[Source information]

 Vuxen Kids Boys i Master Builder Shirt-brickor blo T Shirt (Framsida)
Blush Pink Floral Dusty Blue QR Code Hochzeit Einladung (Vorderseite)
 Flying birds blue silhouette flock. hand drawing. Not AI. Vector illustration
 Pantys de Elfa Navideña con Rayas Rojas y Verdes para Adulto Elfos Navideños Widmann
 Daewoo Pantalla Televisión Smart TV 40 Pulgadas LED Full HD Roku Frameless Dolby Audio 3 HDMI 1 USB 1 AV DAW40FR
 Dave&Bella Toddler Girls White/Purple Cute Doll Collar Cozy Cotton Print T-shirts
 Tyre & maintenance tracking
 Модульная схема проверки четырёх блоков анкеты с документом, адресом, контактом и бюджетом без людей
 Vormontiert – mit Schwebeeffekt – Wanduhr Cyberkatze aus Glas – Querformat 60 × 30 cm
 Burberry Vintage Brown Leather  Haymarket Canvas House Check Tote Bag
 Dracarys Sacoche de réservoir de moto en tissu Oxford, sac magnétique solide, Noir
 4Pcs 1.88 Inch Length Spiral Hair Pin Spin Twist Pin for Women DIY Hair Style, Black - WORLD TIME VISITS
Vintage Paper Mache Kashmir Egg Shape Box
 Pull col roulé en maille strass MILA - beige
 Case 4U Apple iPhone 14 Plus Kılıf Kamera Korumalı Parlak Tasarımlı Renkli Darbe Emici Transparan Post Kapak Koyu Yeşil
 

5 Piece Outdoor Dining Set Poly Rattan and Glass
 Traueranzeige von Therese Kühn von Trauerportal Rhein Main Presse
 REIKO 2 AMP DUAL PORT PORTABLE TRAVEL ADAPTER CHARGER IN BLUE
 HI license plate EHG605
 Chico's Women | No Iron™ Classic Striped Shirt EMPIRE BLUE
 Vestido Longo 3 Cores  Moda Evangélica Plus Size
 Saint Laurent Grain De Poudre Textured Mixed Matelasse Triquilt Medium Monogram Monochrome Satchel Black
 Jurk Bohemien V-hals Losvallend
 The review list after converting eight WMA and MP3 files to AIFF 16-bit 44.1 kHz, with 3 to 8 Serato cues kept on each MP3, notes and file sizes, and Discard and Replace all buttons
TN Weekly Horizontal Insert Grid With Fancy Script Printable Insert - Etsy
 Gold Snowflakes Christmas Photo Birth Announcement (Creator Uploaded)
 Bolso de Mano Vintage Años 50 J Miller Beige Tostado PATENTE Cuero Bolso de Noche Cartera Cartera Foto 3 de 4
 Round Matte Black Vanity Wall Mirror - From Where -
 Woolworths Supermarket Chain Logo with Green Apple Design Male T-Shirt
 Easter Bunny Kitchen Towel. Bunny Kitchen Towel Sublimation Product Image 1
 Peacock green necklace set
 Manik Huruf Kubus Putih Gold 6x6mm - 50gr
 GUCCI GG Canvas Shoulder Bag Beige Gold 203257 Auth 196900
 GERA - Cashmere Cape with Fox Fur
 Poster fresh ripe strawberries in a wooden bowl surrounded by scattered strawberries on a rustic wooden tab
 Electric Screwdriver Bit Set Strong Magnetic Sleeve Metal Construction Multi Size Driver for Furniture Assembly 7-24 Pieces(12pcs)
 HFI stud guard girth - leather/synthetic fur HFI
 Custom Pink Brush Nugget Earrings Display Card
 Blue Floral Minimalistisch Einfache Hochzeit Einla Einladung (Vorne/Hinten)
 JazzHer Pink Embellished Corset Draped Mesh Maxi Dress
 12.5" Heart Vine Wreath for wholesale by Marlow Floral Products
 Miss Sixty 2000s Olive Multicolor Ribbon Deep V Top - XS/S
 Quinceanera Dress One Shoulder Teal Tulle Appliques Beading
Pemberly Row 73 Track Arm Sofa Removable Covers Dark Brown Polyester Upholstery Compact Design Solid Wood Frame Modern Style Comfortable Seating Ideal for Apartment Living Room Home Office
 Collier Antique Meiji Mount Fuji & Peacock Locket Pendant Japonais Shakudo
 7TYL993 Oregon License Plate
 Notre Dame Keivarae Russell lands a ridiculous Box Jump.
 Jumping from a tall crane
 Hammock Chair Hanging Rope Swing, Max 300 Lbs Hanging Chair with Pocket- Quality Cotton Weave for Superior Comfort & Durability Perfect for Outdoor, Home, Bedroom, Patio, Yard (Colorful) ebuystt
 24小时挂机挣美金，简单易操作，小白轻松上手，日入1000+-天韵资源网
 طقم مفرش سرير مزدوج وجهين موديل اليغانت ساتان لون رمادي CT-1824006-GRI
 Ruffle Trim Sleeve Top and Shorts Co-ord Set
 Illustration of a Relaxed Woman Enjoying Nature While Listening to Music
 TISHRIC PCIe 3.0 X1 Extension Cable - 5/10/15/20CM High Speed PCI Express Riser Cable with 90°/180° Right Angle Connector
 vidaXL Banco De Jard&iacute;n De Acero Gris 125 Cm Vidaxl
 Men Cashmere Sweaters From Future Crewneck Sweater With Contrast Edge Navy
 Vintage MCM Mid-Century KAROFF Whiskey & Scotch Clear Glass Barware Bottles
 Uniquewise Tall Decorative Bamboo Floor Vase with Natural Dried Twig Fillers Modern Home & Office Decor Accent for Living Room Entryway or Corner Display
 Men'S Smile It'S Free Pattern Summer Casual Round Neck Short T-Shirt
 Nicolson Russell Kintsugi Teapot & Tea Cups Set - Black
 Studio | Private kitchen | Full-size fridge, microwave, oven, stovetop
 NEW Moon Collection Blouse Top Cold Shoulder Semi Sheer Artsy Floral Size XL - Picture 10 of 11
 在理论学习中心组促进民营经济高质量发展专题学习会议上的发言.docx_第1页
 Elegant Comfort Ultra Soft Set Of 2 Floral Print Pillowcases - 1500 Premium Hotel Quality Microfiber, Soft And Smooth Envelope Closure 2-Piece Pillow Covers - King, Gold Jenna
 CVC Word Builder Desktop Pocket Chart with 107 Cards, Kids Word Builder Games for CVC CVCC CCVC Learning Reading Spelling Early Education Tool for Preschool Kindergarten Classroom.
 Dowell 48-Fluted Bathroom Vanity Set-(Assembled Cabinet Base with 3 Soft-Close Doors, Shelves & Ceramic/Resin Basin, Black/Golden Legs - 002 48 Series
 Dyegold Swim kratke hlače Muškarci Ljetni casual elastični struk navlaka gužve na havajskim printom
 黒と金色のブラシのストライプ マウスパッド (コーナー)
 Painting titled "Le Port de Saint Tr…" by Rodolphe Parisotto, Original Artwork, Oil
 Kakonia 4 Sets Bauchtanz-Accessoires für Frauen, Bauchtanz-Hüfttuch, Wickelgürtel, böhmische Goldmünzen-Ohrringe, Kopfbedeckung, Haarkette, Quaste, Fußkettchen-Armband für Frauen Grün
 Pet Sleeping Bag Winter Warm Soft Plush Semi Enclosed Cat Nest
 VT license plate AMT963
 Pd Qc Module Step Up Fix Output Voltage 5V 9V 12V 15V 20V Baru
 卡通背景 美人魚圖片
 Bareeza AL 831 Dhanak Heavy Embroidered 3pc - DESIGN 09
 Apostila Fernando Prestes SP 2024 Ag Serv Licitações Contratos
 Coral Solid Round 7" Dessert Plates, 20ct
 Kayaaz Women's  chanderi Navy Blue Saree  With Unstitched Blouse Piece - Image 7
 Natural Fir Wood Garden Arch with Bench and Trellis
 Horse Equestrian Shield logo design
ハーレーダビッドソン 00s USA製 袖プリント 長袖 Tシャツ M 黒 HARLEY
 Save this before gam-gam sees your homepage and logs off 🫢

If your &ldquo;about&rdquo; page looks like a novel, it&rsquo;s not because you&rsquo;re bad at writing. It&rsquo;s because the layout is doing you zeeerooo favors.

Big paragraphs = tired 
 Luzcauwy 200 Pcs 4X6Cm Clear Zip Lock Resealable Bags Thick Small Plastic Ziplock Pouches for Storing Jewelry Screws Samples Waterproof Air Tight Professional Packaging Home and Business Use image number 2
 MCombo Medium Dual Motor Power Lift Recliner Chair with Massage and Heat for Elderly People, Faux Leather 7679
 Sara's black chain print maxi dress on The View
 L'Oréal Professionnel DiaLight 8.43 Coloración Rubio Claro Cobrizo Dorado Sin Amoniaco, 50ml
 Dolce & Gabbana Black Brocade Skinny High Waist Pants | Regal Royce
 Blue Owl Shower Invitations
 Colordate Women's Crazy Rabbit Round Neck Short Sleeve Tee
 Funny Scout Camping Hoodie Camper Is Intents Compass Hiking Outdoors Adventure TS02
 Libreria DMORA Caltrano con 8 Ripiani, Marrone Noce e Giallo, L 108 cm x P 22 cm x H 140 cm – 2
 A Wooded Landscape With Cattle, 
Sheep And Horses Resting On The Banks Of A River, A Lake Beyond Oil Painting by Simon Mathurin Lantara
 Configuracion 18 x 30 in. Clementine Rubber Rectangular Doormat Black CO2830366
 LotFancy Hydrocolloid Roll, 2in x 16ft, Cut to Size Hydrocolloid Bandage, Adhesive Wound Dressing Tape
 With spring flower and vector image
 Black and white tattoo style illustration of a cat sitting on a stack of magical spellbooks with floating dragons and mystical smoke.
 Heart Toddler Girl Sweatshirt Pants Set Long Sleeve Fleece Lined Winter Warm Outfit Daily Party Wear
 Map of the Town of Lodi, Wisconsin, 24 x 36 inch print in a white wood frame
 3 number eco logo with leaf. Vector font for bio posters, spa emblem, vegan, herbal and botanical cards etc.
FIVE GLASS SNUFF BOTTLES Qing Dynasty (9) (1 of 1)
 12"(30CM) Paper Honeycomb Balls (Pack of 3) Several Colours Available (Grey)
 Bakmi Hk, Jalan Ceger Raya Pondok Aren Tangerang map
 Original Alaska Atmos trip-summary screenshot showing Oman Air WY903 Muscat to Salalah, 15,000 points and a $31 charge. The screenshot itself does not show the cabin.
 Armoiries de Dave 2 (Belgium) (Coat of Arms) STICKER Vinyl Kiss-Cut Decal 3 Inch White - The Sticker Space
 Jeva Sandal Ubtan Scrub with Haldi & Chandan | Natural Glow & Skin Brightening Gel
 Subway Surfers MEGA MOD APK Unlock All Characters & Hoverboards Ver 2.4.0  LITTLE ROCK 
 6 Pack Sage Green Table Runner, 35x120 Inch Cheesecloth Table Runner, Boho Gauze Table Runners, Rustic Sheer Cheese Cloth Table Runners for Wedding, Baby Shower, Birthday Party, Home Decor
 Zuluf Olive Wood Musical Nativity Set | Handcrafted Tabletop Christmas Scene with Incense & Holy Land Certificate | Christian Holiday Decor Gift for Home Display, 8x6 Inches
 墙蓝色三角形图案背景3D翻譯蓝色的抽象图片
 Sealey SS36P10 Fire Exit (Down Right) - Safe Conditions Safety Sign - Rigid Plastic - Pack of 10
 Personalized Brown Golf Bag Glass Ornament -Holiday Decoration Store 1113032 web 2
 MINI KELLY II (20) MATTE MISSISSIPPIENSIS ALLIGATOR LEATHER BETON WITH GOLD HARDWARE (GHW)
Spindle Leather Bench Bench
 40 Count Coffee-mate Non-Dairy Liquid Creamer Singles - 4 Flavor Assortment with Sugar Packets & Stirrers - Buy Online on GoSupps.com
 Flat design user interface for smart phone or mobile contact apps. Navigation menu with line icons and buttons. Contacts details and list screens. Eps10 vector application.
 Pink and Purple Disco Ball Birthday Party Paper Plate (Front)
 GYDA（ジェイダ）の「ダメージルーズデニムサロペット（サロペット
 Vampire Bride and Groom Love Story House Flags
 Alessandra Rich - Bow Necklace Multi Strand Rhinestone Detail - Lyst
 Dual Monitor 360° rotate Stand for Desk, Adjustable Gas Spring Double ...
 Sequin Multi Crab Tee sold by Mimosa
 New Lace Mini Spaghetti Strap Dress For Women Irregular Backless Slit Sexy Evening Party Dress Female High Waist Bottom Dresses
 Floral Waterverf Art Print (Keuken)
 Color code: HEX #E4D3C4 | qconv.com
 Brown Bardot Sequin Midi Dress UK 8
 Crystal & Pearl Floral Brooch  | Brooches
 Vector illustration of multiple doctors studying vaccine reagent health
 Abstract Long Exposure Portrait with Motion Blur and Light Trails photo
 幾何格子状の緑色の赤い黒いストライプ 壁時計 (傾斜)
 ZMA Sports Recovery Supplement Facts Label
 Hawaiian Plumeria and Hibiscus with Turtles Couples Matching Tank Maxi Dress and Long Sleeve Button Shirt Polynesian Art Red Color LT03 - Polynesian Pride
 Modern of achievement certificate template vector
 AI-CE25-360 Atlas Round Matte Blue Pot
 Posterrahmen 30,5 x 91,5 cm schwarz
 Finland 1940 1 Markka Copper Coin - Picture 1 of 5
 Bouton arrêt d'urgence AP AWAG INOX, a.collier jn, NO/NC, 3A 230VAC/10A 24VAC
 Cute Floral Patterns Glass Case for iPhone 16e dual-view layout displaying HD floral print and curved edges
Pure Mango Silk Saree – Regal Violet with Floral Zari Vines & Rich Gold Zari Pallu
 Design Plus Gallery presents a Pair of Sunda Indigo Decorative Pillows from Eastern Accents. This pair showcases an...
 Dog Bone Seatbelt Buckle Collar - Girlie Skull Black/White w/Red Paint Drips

[/Source information]

◆ **What needs to be done**
Filter the records down to the lines containing the word "Pants", and copy those.

◆ **Solution to this exercise**
 Dolce & Gabbana Black Brocade Skinny High Waist Pants | Regal Royce
 Heart Toddler Girl Sweatshirt Pants Set Long Sleeve Fleece Lined Winter Warm Outfit Daily Party Wear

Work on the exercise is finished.